- **ABOUT THIS TASK**
Exact repetition is required: output every record in full.

- **EXERCISE MATERIAL**
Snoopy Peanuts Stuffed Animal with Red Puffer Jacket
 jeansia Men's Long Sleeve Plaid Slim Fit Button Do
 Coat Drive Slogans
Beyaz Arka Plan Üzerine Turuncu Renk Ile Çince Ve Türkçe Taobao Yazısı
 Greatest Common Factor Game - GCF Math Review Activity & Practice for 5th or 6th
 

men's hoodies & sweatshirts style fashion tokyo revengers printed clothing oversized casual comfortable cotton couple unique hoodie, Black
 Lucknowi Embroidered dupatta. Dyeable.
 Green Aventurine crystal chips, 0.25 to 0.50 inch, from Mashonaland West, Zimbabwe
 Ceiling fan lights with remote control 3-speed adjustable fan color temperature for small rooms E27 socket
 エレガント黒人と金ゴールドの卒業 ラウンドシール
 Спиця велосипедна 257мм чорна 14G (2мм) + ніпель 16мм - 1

- **EXERCISE RESPONSE**
Snoopy Peanuts Stuffed Animal with Red Puffer Jacket
 jeansia Men's Long Sleeve Plaid Slim Fit Button Do
 Coat Drive Slogans
Beyaz Arka Plan Üzerine Turuncu Renk Ile Çince Ve Türkçe Taobao Yazısı
 Greatest Common Factor Game - GCF Math Review Activity & Practice for 5th or 6th
 

men's hoodies & sweatshirts style fashion tokyo revengers printed clothing oversized casual comfortable cotton couple unique hoodie, Black
 Lucknowi Embroidered dupatta. Dyeable.
 Green Aventurine crystal chips, 0.25 to 0.50 inch, from Mashonaland West, Zimbabwe
 Ceiling fan lights with remote control 3-speed adjustable fan color temperature for small rooms E27 socket
 エレガント黒人と金ゴールドの卒業 ラウンドシール
 Спиця велосипедна 257мм чорна 14G (2мм) + ніпель 16мм - 1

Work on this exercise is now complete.